Early this year, when a baseball-sized mass on Becky Spears’ left ovary grew even larger despite three months of standard therapy with birth control pills, her gynecologist recommended surgery.
But the surgeon was booked for two months and wouldn’t have access to a community hospital operating room equipped for robotic surgery for a month after that. The prospect of another three-month wait sent the soccer-playing mother of three into a panic.
“I’d already had this in me for three months that I was aware of – and they said it had apparently been there awhile to be that big,” recalls Spears, 40, of Anaheim Hills. “They told me it was probably nothing to worry about, but they were asking me to wait three more months. That’s when I said, ‘I just want it out.’ You think the worst.”
A relative suggested she contact UC Irvine’s Chao Family Comprehensive Cancer Center, the sole National Cancer Institute-designated comprehensive cancer center in Orange County and one of only 40 in the nation.
A little over a week later, on Jan. 27, ovarian cancer specialist Dr. Krishnansu S. Tewari performed robot-assisted outpatient surgery on Spears at UC Irvine Medical Center, removing a cyst that had ballooned to nearly 3 inches in diameter inside her left fallopian tube.
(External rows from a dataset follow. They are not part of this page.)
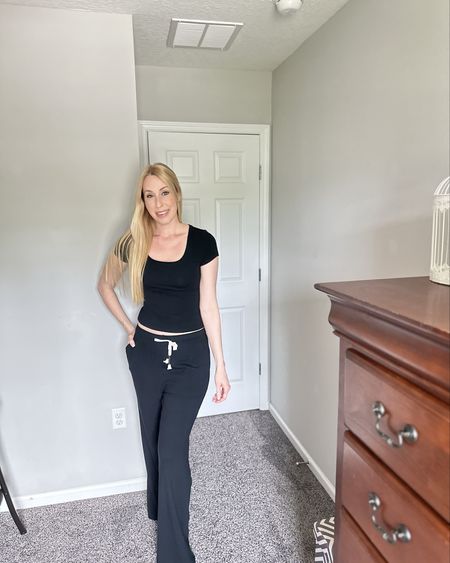 Short tee lounge set 
💗 wearing size small
💞 has a lot of stretch 
💞 great for traveling and running errands in 

#LTKtravel #LTKstyletip #LTKfindsunder50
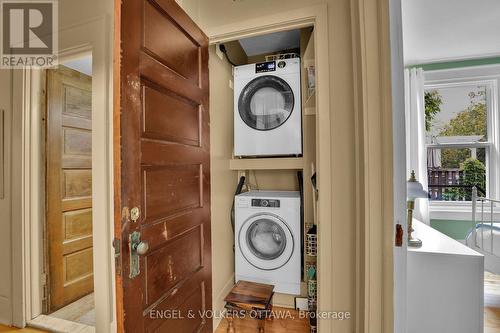 Unit 2 Laundry - 5 Woodlawn Avenue, Ottawa, ON 
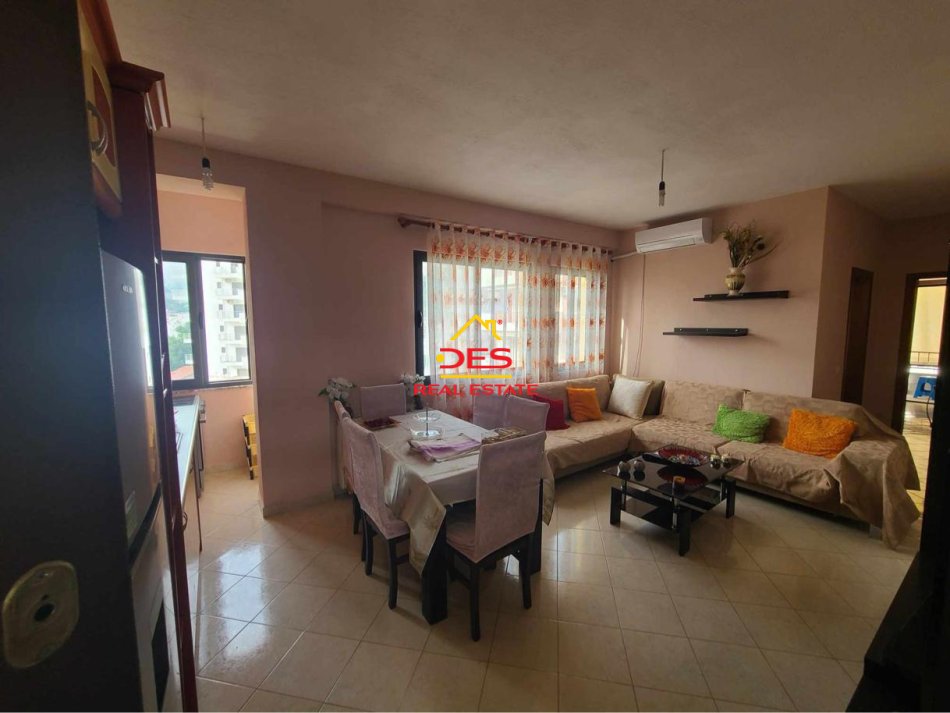 Sarande, shitet apartament 1+1+Ballkon Kati 3, 65 m² 
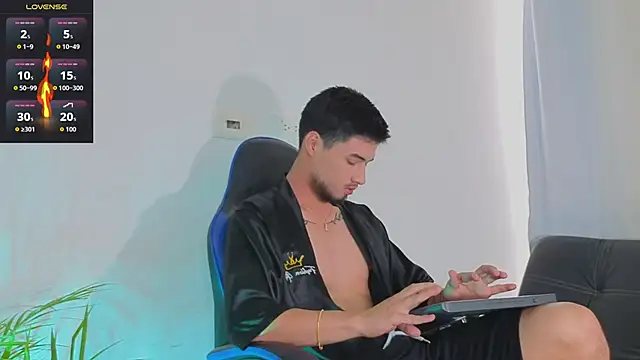 EdwardRoss  online show from February 21, 8:21 pm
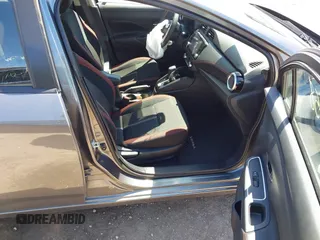 2024 Nissan Versa SR z VIN 3N1CN8FV9RL865083, wystawiony jako IAAI lot #42193458 z przebiegiem 5 774 mil mil oraz . Historia ofert i sprzedaży dostępna na DreamBid. Obrazek 5.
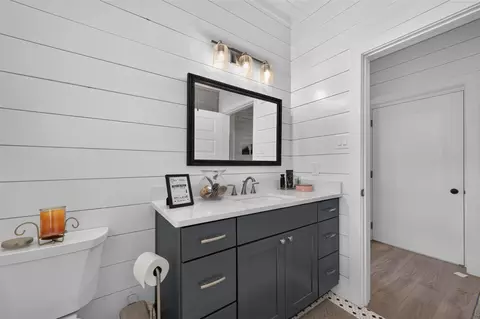 Bath - 382 Hinson Rd, Lovelady, TX 75851 photo 5 of 5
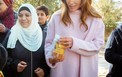 تفقد الملكة رانيا بعض المنتوجات في الجمعية.jpg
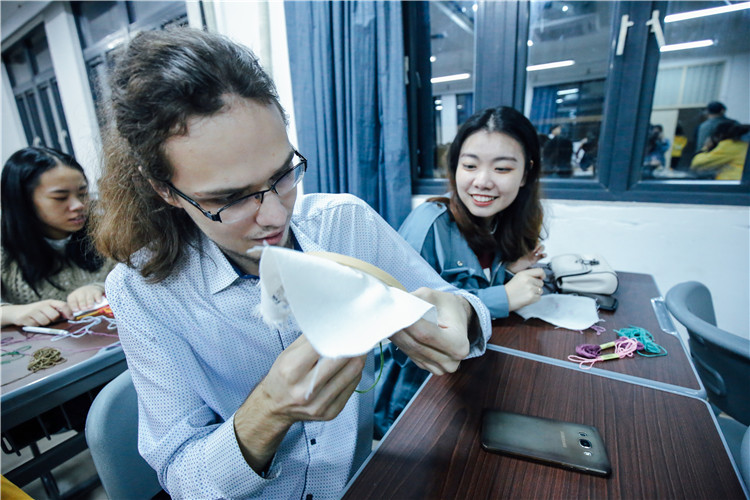白俄罗斯交换生们在认真学刺绣 (2) 刘晓敏摄.jpg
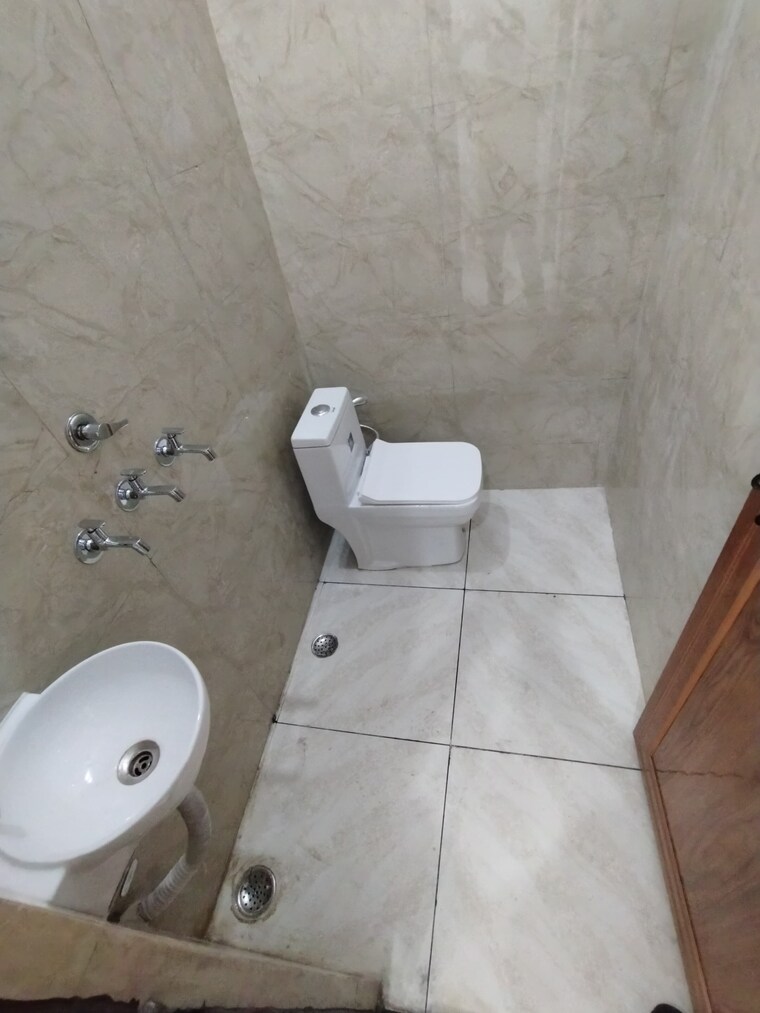 Bathroom, gayatri-enclave-govindpuram 2 Bedroom 700 Sq.Ft. Builder Floor In Govindpuram Ghaziabad 9240207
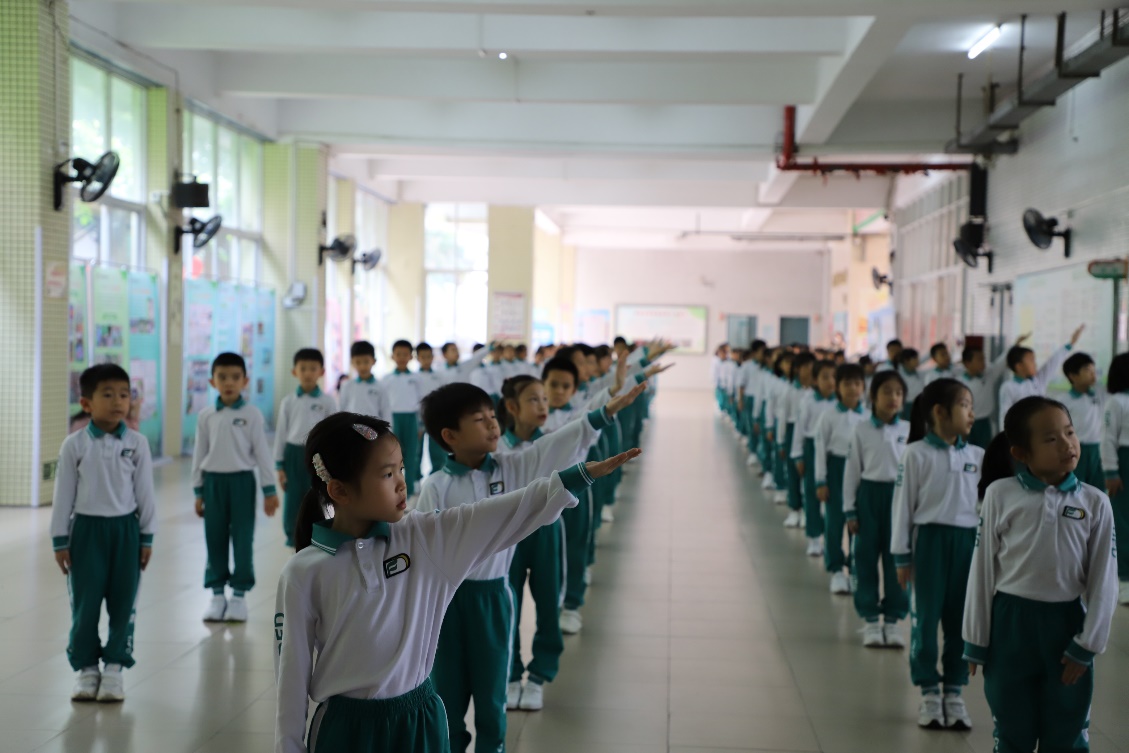 東風(fēng)東路小學(xué)的孩子們在這里整整齊齊，通過唱歌舞蹈，運動玩耍，歡聲笑語，用張張笑臉來演繹粵語童謠的魅力。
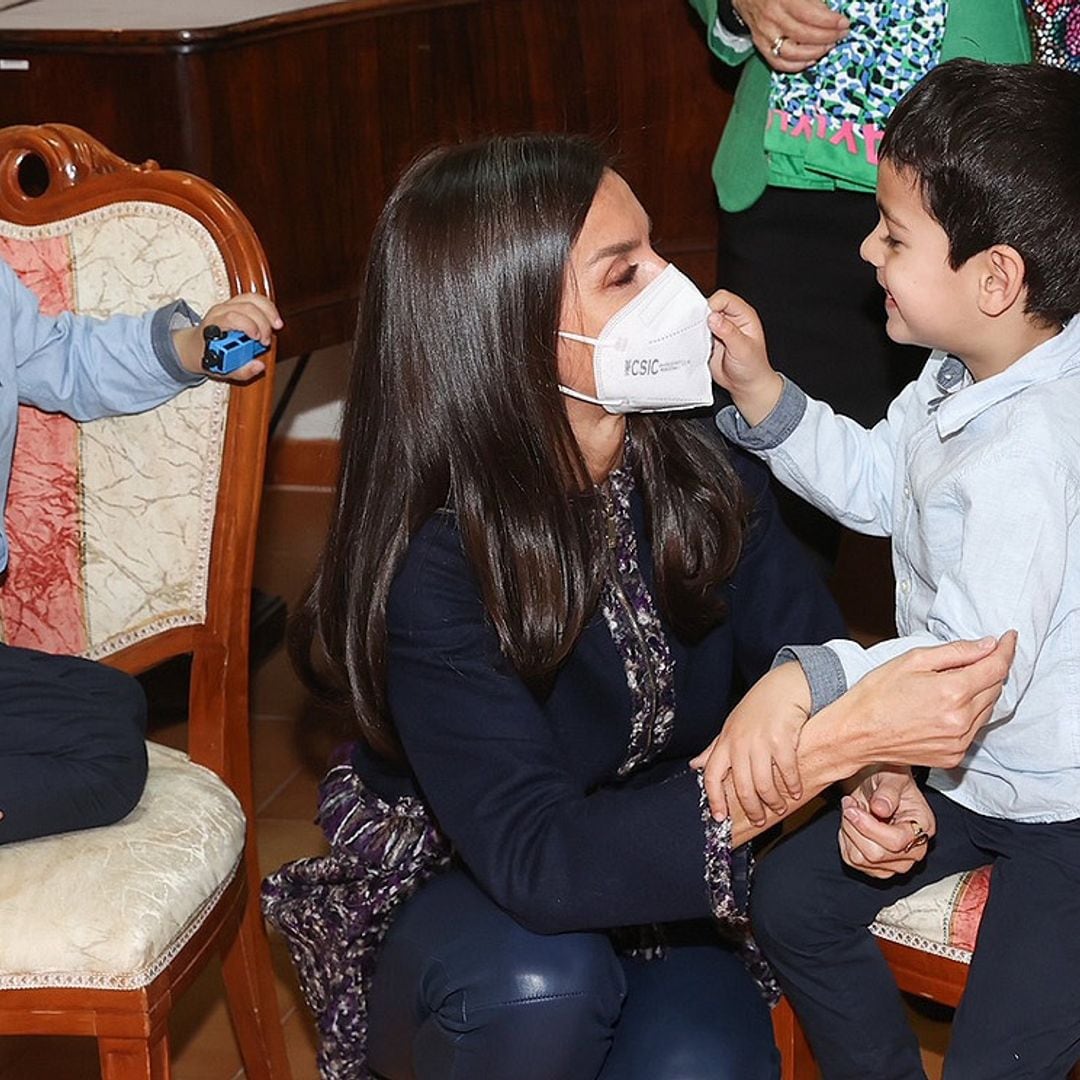 La Reina, al piano, muestra su imagen más cariñosa con unos niños: '¿Sabes tocarlo?'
“It was ready to pop,” says the gynecologic oncologist, adding that had the growth ruptured, it could have caused dangerous internal bleeding and would likely have required major abdominal surgery. “We see women in the emergency room all the time with this.”
Most females of child-bearing age develop ovarian cysts, but 95 percent of these are benign, disappearing within a few menstrual cycles. Those that don’t dissolve or respond to standard hormone therapy can be cause for concern.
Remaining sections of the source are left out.